Consolidation of Milorad Dodik’s SNSD in Republika Srpska, Bosniak SDA remaining in power and Željko Komšić’s ousting of the incumbent Croatian member of the Presidency are the main takeaways of general elections in Bosnia and Herzegovina that took place on October 7.
A month of official and several months of unofficial gruelling campaign mostly concluded without major upsets. After serving two full terms as a President of the entity Republika Srpska, Milorad Dodik will now become a Serb member of the country’s three-member Presidency. His party, SNSD, also won Republika Srpska’s Presidency, with Željka Cvijanović narrowly coming above Vukota Govedarica of SDS. It also won a comfortable majority in Republika Srpska’s Assembly (though it will have to find a coalition partner) and was the most successful Serb party in the elections for the Parliamentary Assembly of BiH.
According to European Western Balkans, Dodik’s victory over the incumbent Serbian member of the Presidency Mladen Ivanić, who was supported by SDS, seemed less certain after major protests that took place in Banja Luka, Republika Srpska’s capital. Indeed, his margin of victory in the city was less than 1%, significantly lower than the overall 10%, and he even lost in some other urban areas, such as Bijeljina and Doboj. However, the popular outrage over the apparent murder of the 21-year old student in March this year and the subsequent cover-up by the police proved to be insufficient to push Ivanić (or, for that matter, Govedarica) across the finish line.
When it comes to Federation of Bosnia and Herzegovina, SDA and HDZ BIH managed to remain the leading parties among Bosniaks and Croats, respectively. There is little doubt, nevertheless, that SDA’s position is not nearly as dominant as it was during the 1990s. This can easily be seen from the margin of victory of less than 3% its candidate for the Presidency Šefik Džaferović achieved against Social Democratic Party’s candidate.

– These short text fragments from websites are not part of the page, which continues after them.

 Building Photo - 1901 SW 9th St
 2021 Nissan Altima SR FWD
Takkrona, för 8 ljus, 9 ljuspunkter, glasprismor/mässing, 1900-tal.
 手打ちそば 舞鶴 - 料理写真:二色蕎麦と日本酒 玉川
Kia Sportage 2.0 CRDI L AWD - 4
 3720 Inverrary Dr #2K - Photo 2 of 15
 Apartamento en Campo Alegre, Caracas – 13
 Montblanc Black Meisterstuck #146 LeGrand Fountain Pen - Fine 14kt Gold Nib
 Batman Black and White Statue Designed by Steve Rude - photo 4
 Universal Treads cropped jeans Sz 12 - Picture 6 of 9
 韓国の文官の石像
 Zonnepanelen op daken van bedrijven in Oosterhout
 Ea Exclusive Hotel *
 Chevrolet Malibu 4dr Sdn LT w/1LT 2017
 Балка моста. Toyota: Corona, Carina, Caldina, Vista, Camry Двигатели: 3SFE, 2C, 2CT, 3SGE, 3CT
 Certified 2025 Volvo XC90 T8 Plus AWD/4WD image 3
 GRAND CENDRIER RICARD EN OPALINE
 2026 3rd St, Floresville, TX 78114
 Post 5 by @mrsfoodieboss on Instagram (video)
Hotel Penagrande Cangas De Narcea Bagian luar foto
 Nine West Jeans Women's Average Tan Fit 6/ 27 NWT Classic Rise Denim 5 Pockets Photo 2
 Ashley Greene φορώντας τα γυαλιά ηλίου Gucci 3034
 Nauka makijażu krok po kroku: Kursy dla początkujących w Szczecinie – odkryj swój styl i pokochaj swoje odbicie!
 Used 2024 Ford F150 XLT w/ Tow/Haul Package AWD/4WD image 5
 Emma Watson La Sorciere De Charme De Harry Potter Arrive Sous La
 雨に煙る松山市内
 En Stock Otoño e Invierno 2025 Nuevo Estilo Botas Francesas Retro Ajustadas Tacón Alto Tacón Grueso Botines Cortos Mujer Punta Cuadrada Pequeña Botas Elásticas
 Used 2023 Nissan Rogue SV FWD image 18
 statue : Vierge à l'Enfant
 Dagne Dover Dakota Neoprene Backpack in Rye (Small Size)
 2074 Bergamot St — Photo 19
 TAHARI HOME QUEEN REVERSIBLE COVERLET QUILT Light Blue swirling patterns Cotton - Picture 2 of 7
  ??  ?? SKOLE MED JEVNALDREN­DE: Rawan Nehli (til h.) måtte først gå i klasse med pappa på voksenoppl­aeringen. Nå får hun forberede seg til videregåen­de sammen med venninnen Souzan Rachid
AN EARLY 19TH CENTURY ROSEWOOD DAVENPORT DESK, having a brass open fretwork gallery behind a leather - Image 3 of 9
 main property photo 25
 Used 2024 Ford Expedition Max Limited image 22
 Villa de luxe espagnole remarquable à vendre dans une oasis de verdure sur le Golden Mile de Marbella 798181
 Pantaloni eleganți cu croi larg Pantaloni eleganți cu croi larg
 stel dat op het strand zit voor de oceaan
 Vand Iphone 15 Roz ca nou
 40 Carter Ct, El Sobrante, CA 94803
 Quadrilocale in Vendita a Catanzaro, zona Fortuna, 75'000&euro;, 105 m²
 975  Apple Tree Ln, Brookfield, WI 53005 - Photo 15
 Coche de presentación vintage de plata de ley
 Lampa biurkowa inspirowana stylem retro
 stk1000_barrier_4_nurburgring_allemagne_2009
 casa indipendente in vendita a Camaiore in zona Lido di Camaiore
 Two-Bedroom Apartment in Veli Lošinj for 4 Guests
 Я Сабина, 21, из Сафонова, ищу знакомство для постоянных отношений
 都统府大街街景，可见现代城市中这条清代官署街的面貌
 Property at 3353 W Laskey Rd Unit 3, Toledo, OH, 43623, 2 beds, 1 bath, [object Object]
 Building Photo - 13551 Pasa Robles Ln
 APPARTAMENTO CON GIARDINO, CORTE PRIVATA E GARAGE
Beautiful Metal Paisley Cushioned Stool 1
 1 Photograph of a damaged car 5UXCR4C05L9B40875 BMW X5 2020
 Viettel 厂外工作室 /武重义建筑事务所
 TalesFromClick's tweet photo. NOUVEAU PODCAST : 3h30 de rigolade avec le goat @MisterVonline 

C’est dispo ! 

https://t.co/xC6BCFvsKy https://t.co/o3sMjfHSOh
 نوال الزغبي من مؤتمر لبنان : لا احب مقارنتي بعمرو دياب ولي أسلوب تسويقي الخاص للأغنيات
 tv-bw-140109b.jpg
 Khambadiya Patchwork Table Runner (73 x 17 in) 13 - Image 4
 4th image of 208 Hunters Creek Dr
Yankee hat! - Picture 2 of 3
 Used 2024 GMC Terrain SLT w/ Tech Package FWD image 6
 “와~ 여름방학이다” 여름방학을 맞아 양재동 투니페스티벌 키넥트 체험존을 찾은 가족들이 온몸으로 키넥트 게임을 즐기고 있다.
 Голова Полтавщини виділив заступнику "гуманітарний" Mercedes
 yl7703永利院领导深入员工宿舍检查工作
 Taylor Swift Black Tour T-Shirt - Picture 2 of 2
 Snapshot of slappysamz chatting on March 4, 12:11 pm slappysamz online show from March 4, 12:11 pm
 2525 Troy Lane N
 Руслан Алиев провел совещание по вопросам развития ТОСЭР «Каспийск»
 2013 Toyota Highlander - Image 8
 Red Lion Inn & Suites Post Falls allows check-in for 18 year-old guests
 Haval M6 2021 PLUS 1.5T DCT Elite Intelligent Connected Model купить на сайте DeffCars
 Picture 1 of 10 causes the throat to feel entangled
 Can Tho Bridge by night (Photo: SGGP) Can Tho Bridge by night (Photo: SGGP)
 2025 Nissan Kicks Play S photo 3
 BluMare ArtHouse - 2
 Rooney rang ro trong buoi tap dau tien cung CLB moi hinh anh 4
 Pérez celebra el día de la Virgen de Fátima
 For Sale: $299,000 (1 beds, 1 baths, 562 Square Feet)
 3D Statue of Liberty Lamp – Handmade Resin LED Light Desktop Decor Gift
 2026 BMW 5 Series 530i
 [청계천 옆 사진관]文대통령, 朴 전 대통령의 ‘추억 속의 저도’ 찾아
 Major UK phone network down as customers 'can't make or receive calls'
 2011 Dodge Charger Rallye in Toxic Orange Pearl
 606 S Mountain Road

The most controversial result of all was the victory Željko Komšić pulled off against the incumbent Dragan Čović, leader of the HDZ BIH, for the Croat member of the Presidency. It is assumed that he was elected with the votes of Bosniaks, who have the right to vote for either Bosniak or Croat member of the Presidency within the of Federation of Bosnia and Herzegovina and outnumber Croats by 4:1.
“I am sad to see that an old story repeated itself once more. We are again in a situation where members of one constituent people on the territory of the Federation of Bosnia and Herzegovina are electing a representative of another, the Croat people,” said Prime Minister of Croatia Andrej Plenković, who strongly backed Čović ahead of the vote.